Algorithmus: Was, wenn Dein Echo vor Dir spricht?

18. April 2018 von Tatjana Lackner, MBA

Der sympathische Eli Pariser, Autor und Präsident von MoveOn.org, hat in seinem Buch „The Filter Bubble: What the Internet is hiding from you“ schon 2011 darauf hingewiesen, dass jeder von uns beispielsweise auf Google völlig unterschiedliche Suchergebnisse bei ein und demselben Begriff bekommt. In seinem Ted-Talk hat er das nachvollziehbar veranschaulicht. Er bat damals verschiedene Freunde nach dem Begriff „Ägypten“ zu suchen und ihm die Screenshots zu senden. Sein Kumpel Daniel bekam keine Links zu den Protesten in Ägypten, wogegen Scotts Ergebnisse voll waren von genau diesen Informationen rund um die Aufstände.

Klar ist heute, dass digitaler Lobbyismus nicht nur für Google und Facebook gilt, sondern sich durch das gesamte Internet erstreckt. Wenn 80 Prozent unserer Weltsicht manipuliert oder feiner ausgedrückt „personifiziert“ ist, dann führt das unweigerlich in eine Filterblase.
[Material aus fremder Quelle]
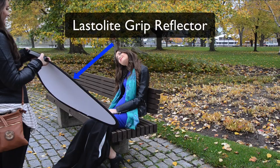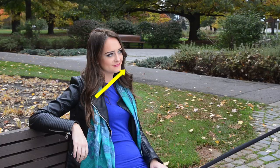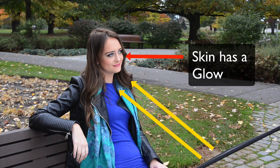Here, our model is sitting down on the park bench and my assistant is holding a reflector, which is bouncing ambient light into her face, removing any harsh shadows and really creating a nice soft effect on her face.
Ein Algorithmus ist niemals neutral

In der Kommunikation spielt der diesbezügliche Echokammer-Effekt eine wichtige Rolle. Darunter versteht man Menschen, die durch digitale Bestätigung und vorgefilterte, personalisierte Weltbetrachtung zu ihren Meinungen gelangen. Die Gefahr, wenn wir, dank Algorithmus, online Recht bekommen und analog scheitern, gefährdet nicht nur die Demokratie, sondern vor allem unser tägliches Miteinander. Wenn dann physische Einschränkungen, Schmerzen und verhärtete Lebensumstände dazu kommen, verengt sich unsere Weltsicht.

Nicht einmal beim Arzt fühlen wir uns dann verstanden. Dort wird die Zeit der persönlichen Ansprache knapper. Der volle Warteraum hofft auf flotte Diagnosen vom Arzt und gestrichene Small-Talk-Passagen von Seiten des Patienten im Behandlungsraum. Laut APA nutzen ebenfalls knapp 80% der Österreicher das Internet regelmäßig. Patienten suchen nach Antworten zu auftretenden Symptomen, nach Medikamenten und ihren Nebenwirkungen und ganz häufig auch nach Erläuterungen zu ärztlichen Befunden. Immer wieder geben sie an, dass sie sich nach einer gestellten Diagnose nicht optimal betreut gefühlt haben.

Bestätigung aus dem Netz

Auffallend ist zudem, dass seit einigen Jahren sowohl im öffentlich geführten politischen Diskurs, aber auch in den privaten Haushalten die Grabenbrüche zwischen Linken und Rechten, Alten und Jungen, Männern und Frauen, etc. eine Renaissance erleben. Dabei weht ein rauer Wind durch die Behauptungen und Standpunkte. Viele überzeugte Gemüter halten flammende Reden und deklarieren sich als Wutbürger. Jugendliche sind heute zwar politisch nicht zwingend interessierter, aber viele klingen deutlich überzeugter von der eigenen Meinung als früher. Komisch, denn Ende des letzten Millenniums waren sich viele Teenager oftmals gar nicht so sicher, ob ihre Argumente das Gelbe vom Ei sind. Hat die wesentlich überzeugtere Attitüde weniger mit einer qualifizierten Haltung oder der Rückendeckung aus dem Elternhaus zu tun, sondern mit zustimmenden Algorithmen?

Nachdem uns heute die eigene Echokammer, noch bevor wir in den sozialen Medienwald rufen mit vorselektierten Sichtweisen zurückschallt, verlernen wir zusehends den konfrontativen Diskurs zu führen.

Fazit: Wer nur für die Deutsch-Schularbeit lernt, Argumente abzuwägen und Meinungen einander gegenüber zu stellen, der verarmt sprachlich. Im Trainingsalltag beobachte ich, dass „sich eine Meinung zu bilden“ für viele harte Denkarbeit bedeutet. Selten recherchieren die Menschen Argumente. Sie finden Meinungen. Wie praktisch, denn beide wurden schon für ihre Suche von Algorithmen bereits aufbereitet. Viele öffentliche Sendeanstalten sind gefärbt und Zeitungen bedienen verschiedene Zielgruppen. Aber sie sind nicht „personalisiert“, was manchmal ein Segen ist.